4:19 ale stalka nie służy do ostrzenia. Kamień służy do ostrzenia, a stalka/musak służy do utrzymania ostrości. Polega to na tym, że cienkie ostrze lekko się wygina po cieciu i musak służy do wyprostowania go przed użyciem, kilka ruchów i gotowe, a jak kucharz nie ma stalki, to robi to o inny nóż. Przecież żeby tym nóż naostrzyć to cały dzień trzeba spędzić i to nie daje gwarancji efektu.
Wszystko fajnie, ale stalki NIE SŁUŻĄ do ostrzenia ;)
rozwiń proszę swoją myśl, nie jestem pewien czy rozumiem kierunek :)
@@kosy6987 Stalki przeznaczone są do poprawiania kt, która się lekko wygięła podczas użytkowania. Stalki, zarówno ceramiczne jak i stalowe nie zbierają materiału, tylko niwelują wygięcia. Można powiedzieć, że to podostrzanie pozwalające utrzymać ostrość od ostrzenia do ostrzenia.
Przynajmniej ja tak ich używam.
Tu więcej szczegółów od 11tej minuty:
th-cam.com/video/HQiorxSN0P8/w-d-xo.html
@@kosy6987 znalazłem Was na FB, cholernie fajne noże :D
@@Cornwallian666 aa o to chodzi :) tak, prowadzący tam ma dobre intencje, to fajny kanał, natomiast takie 'wyginanie' i falowanie grani krawędzi raczej nie wystąpi w lepszej jakości nożach. Jeśli mamy ostrze z miększej stali to może się tak zachować, ale wydaje mi się to wyjątkiem od reguły. :) Kiedyś noże robiło się z prostszych bardziej udarnych gatunków i dużo niżej hartowało(50-55hrc). Współcześnie noże 'sprzedaje się' twardością i używa się gatunków które działają na innej zasadzie(mają dodatki węglikotwórcze i są często kruche). Współczesna wysoko hartowana stal narzędziowa albo powinna się odkształcić elastycznie(i wrócić do kształtu) albo się złamać/wykruszyć (w szczególności wysokostpowe). To nie jest zresztą wcale takie proste żeby tak 'zafalować' hartowaną krawędź - trzeba łupać nożem po kościach itp. Stalki zresztą robi się z materiałów ściernych (stalowych się chyba nawet nie odpuszcza po hartowaniu - mogą mieć po 66hrc +), ceramika jest ścierna, nasypy diamentowe są bardzo agresywnie ścierne. Niektórzy używają prętów wolframowych albo szklanych do takiego prostowania(wtedy do faktycznie nie ściera wcale). Także rozumiem intencję, ale w przypadku przyzwoitej jakości noży sugerowałbym koncentrować się jednak na świadomym ścieraniu materiału niż na 'prostowaniu' zafalowań... albo ich tam nie będzie, albo będą tak duże, że to prostowanie już wiele nie wniesie. Dzięki za odzew i rozwinięcie tematu :)

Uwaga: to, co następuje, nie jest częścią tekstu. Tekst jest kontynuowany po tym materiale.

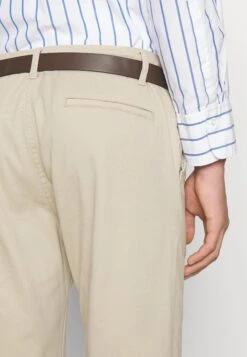 Pier One Chinos - Beige 9 Pier One Chinos - Beige -Boutique Fashion Men's Discount Store 4318e1a86cf147df8d5ae02961ce37f6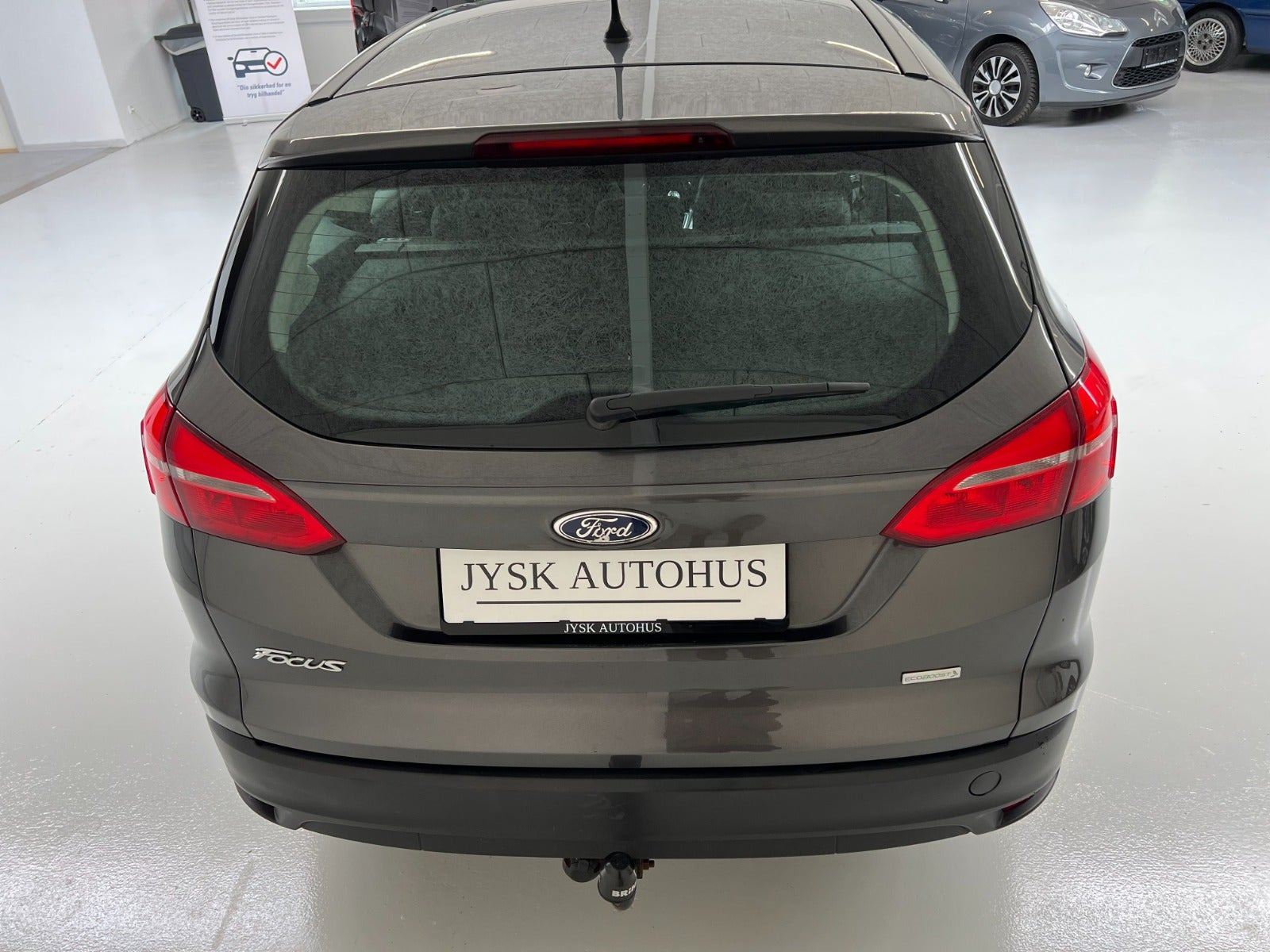 Grå Ford Focus fra 2015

@@kosy6987 i ja dziękuję za rozwinięcie :D. Uzupełnienie informacji zawsze na plus ;) .
U mnie po prostu takie używanie ceramicznej sprawdza się i w przypadku marketowych kuchenniaków, ale - i na tym bazowałem - i na kuchennym z N690 hartowanym na 61 HRC. Dałem go żonie na Boże Narodzenie i dopiero teraz muszę go potraktować kamieniami. Przez cały ten czas używałem tylko pręta.
Mógłbyś uczyc japończyków jak ostrzyć noże👍🏻💪🏼
znakomity materiał. najlepszy jaki widziałem.